BEGIN Supplied information

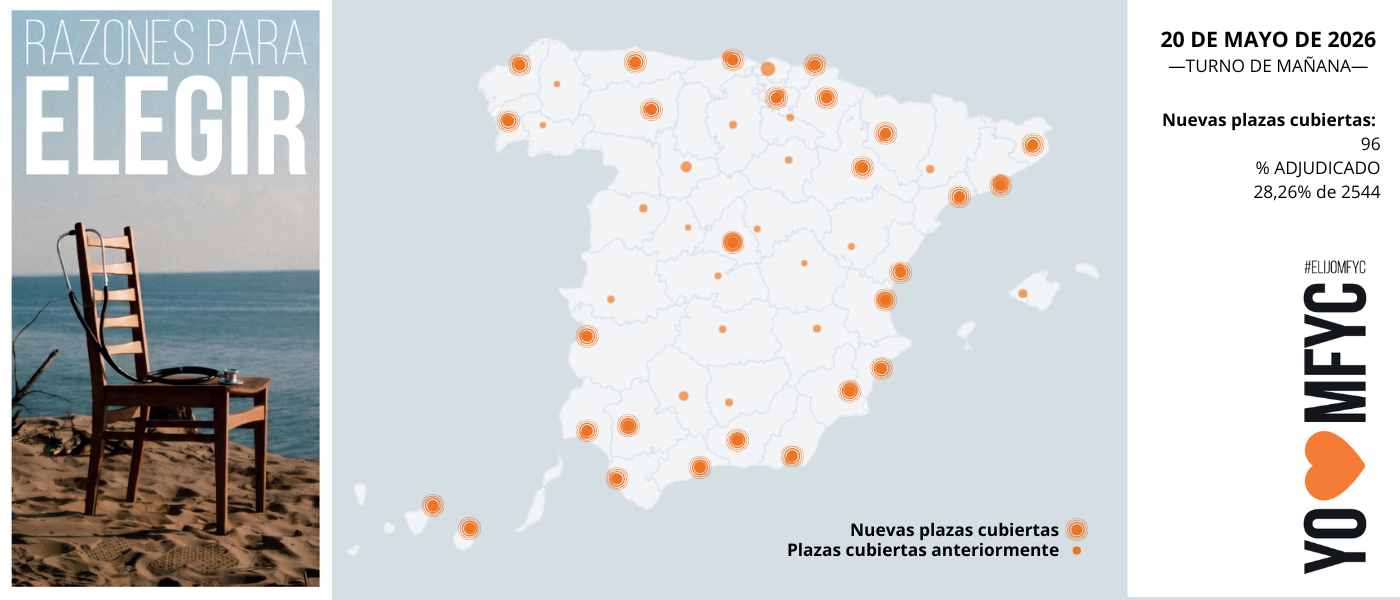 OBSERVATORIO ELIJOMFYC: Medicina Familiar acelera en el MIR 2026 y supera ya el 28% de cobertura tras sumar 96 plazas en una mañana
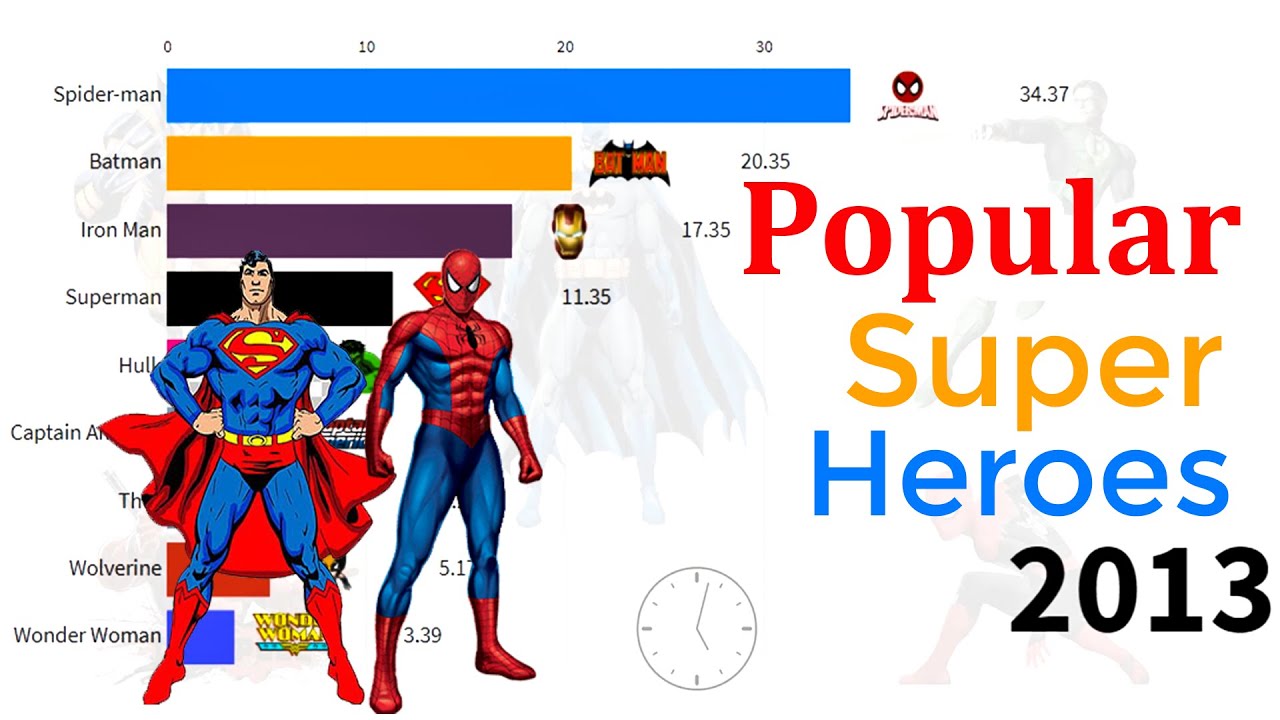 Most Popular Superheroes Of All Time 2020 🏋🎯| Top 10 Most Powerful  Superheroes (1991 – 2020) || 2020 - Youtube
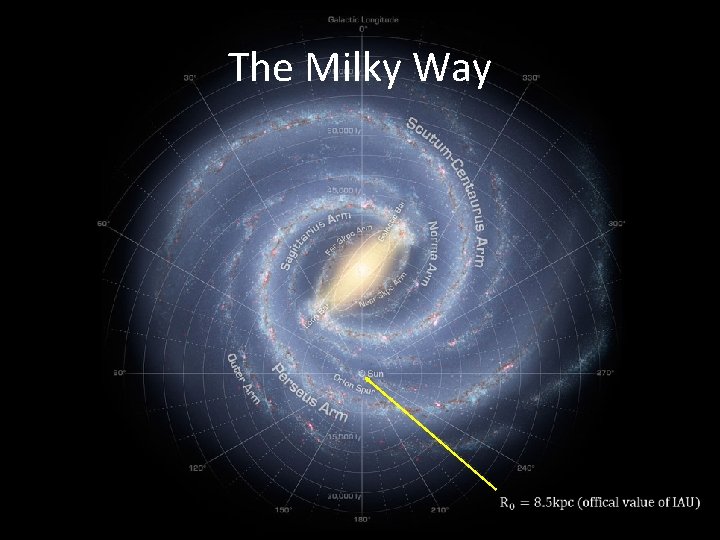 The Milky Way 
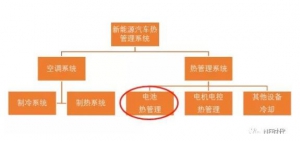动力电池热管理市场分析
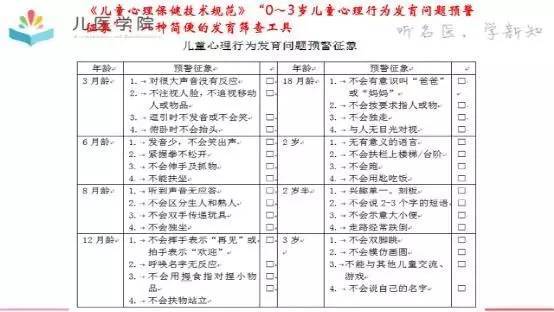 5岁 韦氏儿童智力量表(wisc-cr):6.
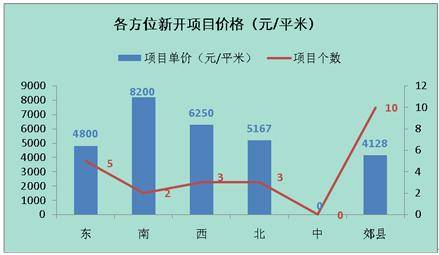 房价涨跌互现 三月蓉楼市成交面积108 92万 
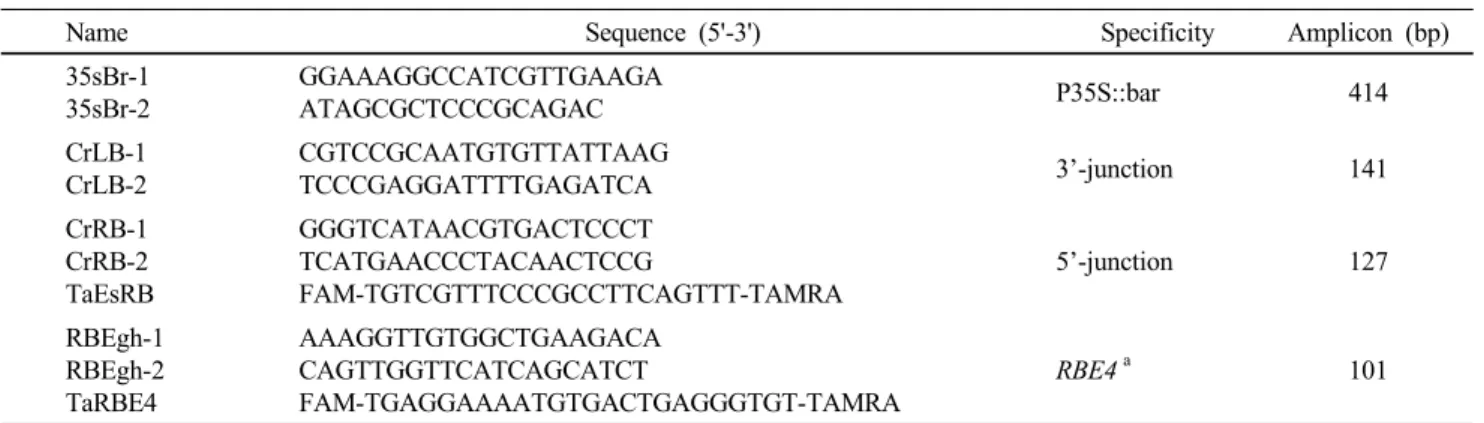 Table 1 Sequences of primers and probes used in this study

END Supplied information

§ **Assignment**
Verbatim repeat, images removed: give each entry again exactly as it reads.

§ **Exercise answer**
 OBSERVATORIO ELIJOMFYC: Medicina Familiar acelera en el MIR 2026 y supera ya el 28% de cobertura tras sumar 96 plazas en una mañana
 Most Popular Superheroes Of All Time 2020 🏋🎯| Top 10 Most Powerful  Superheroes (1991 – 2020) || 2020 - Youtube
 The Milky Way 
动力电池热管理市场分析
 5岁 韦氏儿童智力量表(wisc-cr):6.
 房价涨跌互现 三月蓉楼市成交面积108 92万 
 Table 1 Sequences of primers and probes used in this study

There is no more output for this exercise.